The old cliche is completely true: You never get a second chance to make a first impression. This is especially apt in the case of a first date.
Your date’s first impression of you will determine whether they open up and give you a real shot or they secretly text their best friend to set up the go-ahead for an emergency save in an hour or less.
When it’s love at first sight on your part, you want to make the right impression on your first date. Here are 7 tips to help you look, act, and feel your best (because throwing up from the butterflies in your stomach is not the way to make a good impression) on your first date.
7 Impressive Ways to Make the Right First Impression
Ahhh, love. The reason for romance, flowers, and candlelight, and the reason men go to war and women develop gray hair and stress wrinkles. You can’t live with it but don’t want to live without it. It’s the ultimate emotion, and when you fall in love at first sight, you will do anything you can to make a good impression on your beloved.
Unfortunately, love also makes us stupid and blind to common sense. It’s a good thing there are so many helpful advice pages to guide you along your budding relationship. But how do you know how to narrow down the good advice from the meaningful but completely off track words of not-so-wise wisdom?
Here is everything you need to know to make the right first impression in a nutshell.
- Appearance isn’t everything, but it sure helps. Let’s face it. We have to use what the good Lord gave us, and not everyone was blessed with the body and face of a Greek god or goddess. But we can make the most of what we do have by taking care of our bodies, eating well, and always using proper hygiene techniques.
You never know when you’ll meet that special person, so you want to keep your game up to speed regularly. While it’s impossible to look our best all the time, it is expected on your first date.
Taking time to plan your outfit ahead, coordinate your accessories, and focus on your appearance sets a good impression on your date. Oh, and don’t forget to clean under your fingernails, too. Dirty nails are a definite first date faux pas.
- Show up with flowers. Sure, it’s cliche, and many women (and men) will probably roll their eyes at the corniness of it, but there’s a reason it’s a cliche – it works. Women have fallen for a properly timed bouquet of flowers over and over again for millennia and men are less willing to admit it, but they are just as touched by the act of flower-giving.
But you need to set the right tone. Red roses are often considered overboard, but snatching some weeds and a couple of flowers on your way and handing them to your date with the dirt still hanging on the roots is not the look you want to go for.
You can hit the grocery stores for a pre-made bouquet, but what if you grab something your date is allergic to? Oh, the potential for failure is exponential! How do you do this alone?
The answer is that you don’t. Instead, you check out professionals who do this for a living, like those at this page, and ask them for advice. Let them handle the details while you sweat your appearance (but not, you know, literally).
- Listen to hear, not to speak. If they have any sense of people skills, your date will be able to tell if you are really paying attention to them or just going through the motions. If you are simply waiting for a pause in the conversation so that you can insert something about yourself, you are probably not going to get a second date.

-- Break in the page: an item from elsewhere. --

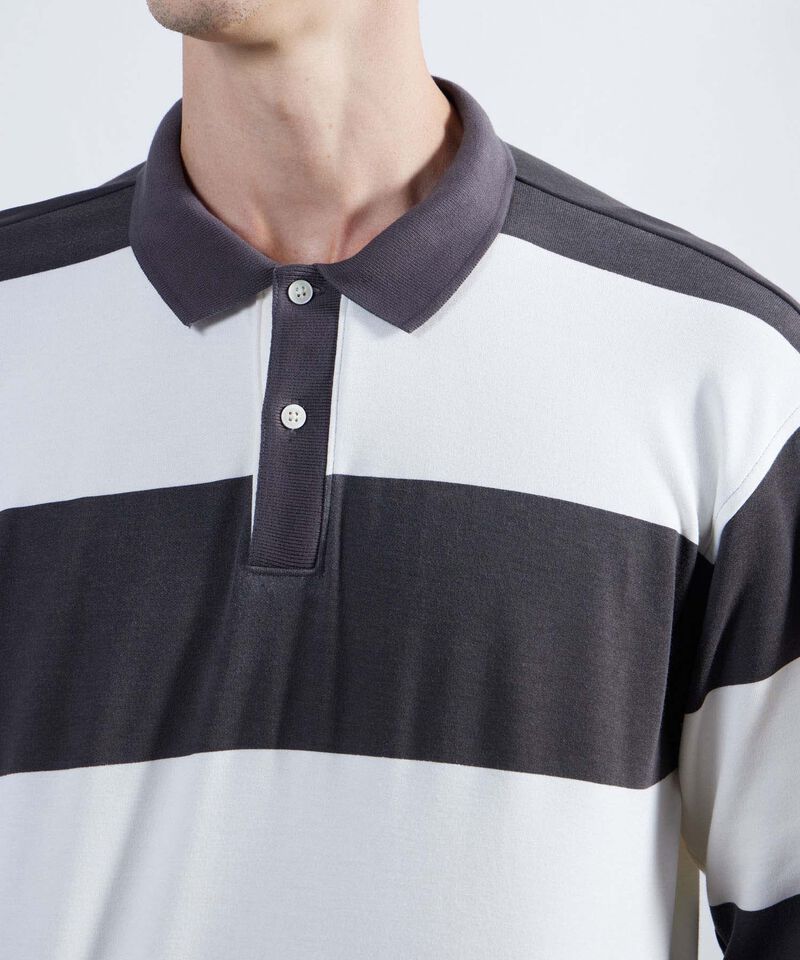 Polo Manga Larga, Gris, hi-res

- And…don’t be an open book. Sure, you are in love. You were in love the first time you saw them. You want them to know everything about you – your history, your hopes and dreams, what a great catch they lucked into. But chances are they are still feeling you out and when you go in with overkill, not only are you not giving them a chance to speak, but you are taking all the mystery out of your relationship.
By the end of the night, it will be no mystery why your phone calls and texts never get answered again.

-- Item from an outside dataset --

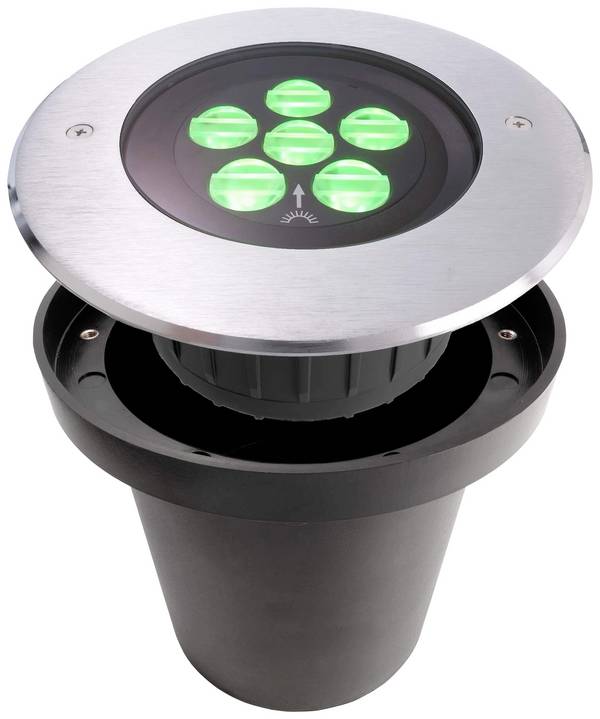 Deko Light Canum 730454 Bodeneinbauleuchte LED fest eingebaut LED   16.90 W Silber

- Seriously. Put away your phone. If your date has to compete with your phone, your social media, even the latest baseball scores, they will figure out pretty quickly that they will always have to compete for your attention. Most self-respecting people do not want to be ignored for a phone, especially not on the first date.
- Make eye contact. There’s something kind of fishy to a lot of people about a person who can’t make eye contact with them. In some cases, it may be a condition that you have, in which case you will want to be straightforward about it (but not pitiful or self-deprecating – see below).
Making eye contact with your date shows confidence and respect. It shows that you see them as important and want to hear what they have to say. In fact, it’s one of the most important ways that relationships develop a passion and forward momentum.
- Above all, be confident. Probably the sexiest thing you can do is have confidence. No one – not one single person – wants to spend hours listening to their date lament the fact that they are overweight or are stuck in a dead-end job or are amazed that someone as good looking as their date is would ever agree to go out with them. (Although this sounds like a compliment, it’s not. Not even close.)
Instead, relay confidence in yourself through your actions and avoid self-deprecating talk. Don’t make jokes about going bald if you are, or being overweight if you are, or anything else that you are insecure about. They aren’t issues that need to be addressed on the first date.
Follow These Basic Tips to Your Best First Date
When you take these 7 tips and make them integral to your first date, you will make a great first impression no matter what happens afterwards. But beyond that initial date, keep the sparks flying by continuing to listen, having confidence, and sending flowers occasionally. You landed your true love, now you have to keep them!